Critical love had a lot to do with the Fox sequel's breakout opening, but radioactive notices didn't hurt the toy-bot epic — at first
“Dawn of the Planet of the Apes” rode a wave of smashing reviews to a $73 million opening this past weekend, knocking off “Transformers: Age of Extinction” — which has been a punching bag for critics.
“Dawn” is at 91 percent positive on review tracking service Rotten Tomatoes, while “Age of Extinction” is at 17 percent “fresh.” But audiences awarded both of them “A-” CinemaScore grades, and have turned out in numbers sufficient to make both movies hits.
How is it that reviews can make such a big difference for one movie and seemingly mean nothing for the other? That's really not the case, but it takes a closer look to get the real picture.
There's no denying critical acclaim was a major factor in the big opening weekend for “Apes,” which came in at more than $10 million over the studio's and analysts’ projections. Another was the goodwill from the previous film in the franchise, “Rise of the Planet of the Apes,” which was also very well-reviewed.
“It created one of those rare situations where the critics and the audiences aligned, and that created a perfect storm,” said Chris Aronson, Fox's distribution chief.
The impact of positive word of mouth from was just as clear. “Dawn of the Planet of the Apes” fell off just eight percent from Friday to Saturday, less than half the drop most films see on their second day. It's also a indicator of just how fast that word, good and bad, travels in today's social media-fueled world.
“Great reviews are nice, but I don't think they necessarily make that big a difference with this kind of movie,” Don Harris, Paramount's distribution chief said following the debut of Michael Bay‘s morphing robots epic starring Mark Wahlberg.
It didn't on the first weekend, when “Transformers” registered the year's only $100 million opening. It became the only summer movie to repeat as No. 1 the following week, but that was July 4 weekend, a box-office debacle. “Age of Extinction” has seen big drops — 63 and 56 percent in its second and third weeks — and is at $209 million domestically. That means that it will be the first film in the franchise that won't hit $300 million in the U.S.
“In the case of ‘Transformers,’ the brand transcends everything,” Rentrak's senior media analyst Paul Dergarabedian said Monday. “And there's the popcorn movie factor. Audiences know they they're not getting Shakespeare or an Oscar contender, but they figure they're going to get a rousing experience, and they do.”
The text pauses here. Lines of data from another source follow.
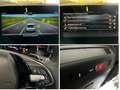 Skoda Kamiq Monte Carlo 1.5 TSI DSG App Kamera Kessy Noir - thumbnail 14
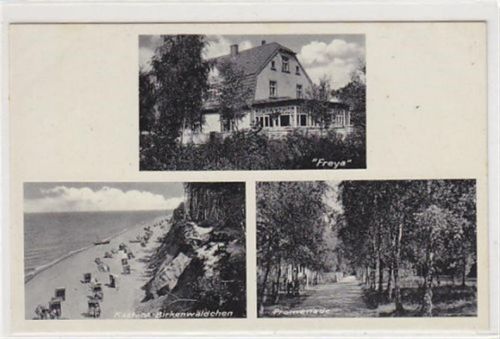 Greifenberg Ostseebad Neu Schleffin - Sliwin / Kreis Greifenberg - Gryfice. Dünen-Pension Freya, Kastens - Birkenwäldchen Promenade ungelaufen Leichte Abdrücke an den Ecke n vom Album, sonst gut erhalten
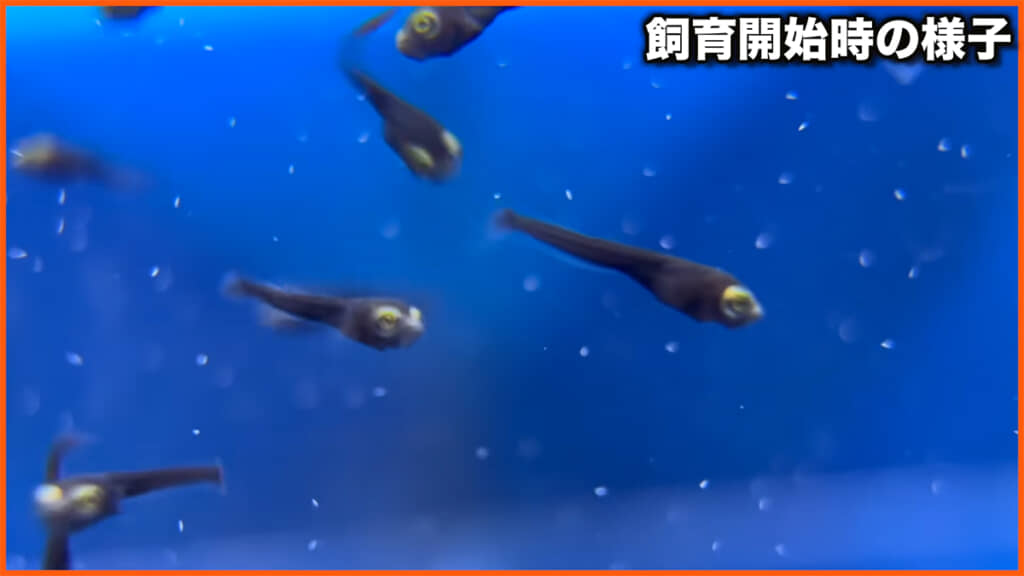 飼育開始時のライギョたち、オタマジャクシのようです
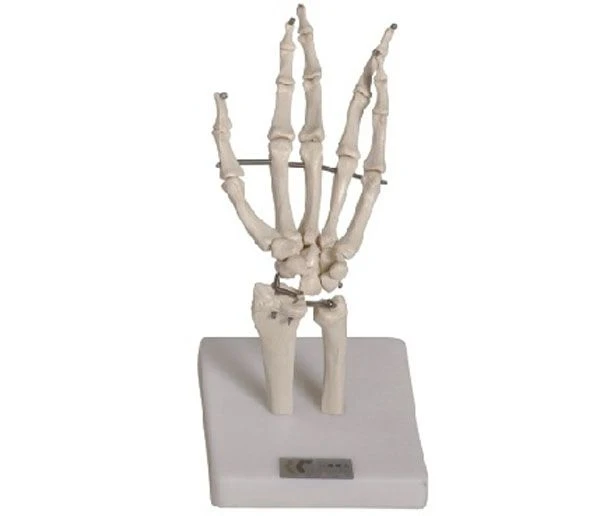 Hand Joint Model Demonstrating Flexibility, Art. 11201-3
There are good reasons to see some films as “review proof.” The previous “Transformers” movie, 2009's “Revenge of the Fallen,” wasn't a hit with critics, either. It had a 36 percent positive Rotten Tomatoes rating and still wound up grossing more than $350 million domestically. And 2009's “Revenge of the Fallen” was at just 19 percent and it took in $402 million, the most of any film in the series. But three straight critical shellackings, and some inevitable franchise fatigue, look to finally be taking a toll on “Age of Extinction.”
When the notices are bad, the core audience — young males who probably aren't reading a lot of reviews — turns out, but the chances of broadening beyond that base go down. The reverse is true for a movie with good strong reviews.
“In ‘Transformers’ and a lot of these popcorn movies, the visuals outweigh the dialogue and that's OK,” Dergarabedian said. “But in the case of ‘Apes,’ you had the great action, smart writing and a level of intelligence that drew in the critics, and that will contribute to word of mouth that will lure older moviegoers and others that might not have been attracted initially.”
What it all seems to suggest is that when it comes to tentpole movies, great reviews can help you but bad ones won't necessarily hurt — at least not right away.
It's worth noting that Paramount executives are probably spending more time studying their foreign box office returns than crummy “Transformers” reviews. The film's out-sized performance overseas — it has taken in more than $752 million worldwide to become the year's highest grossing movie — has it on course for a $1 billion global haul.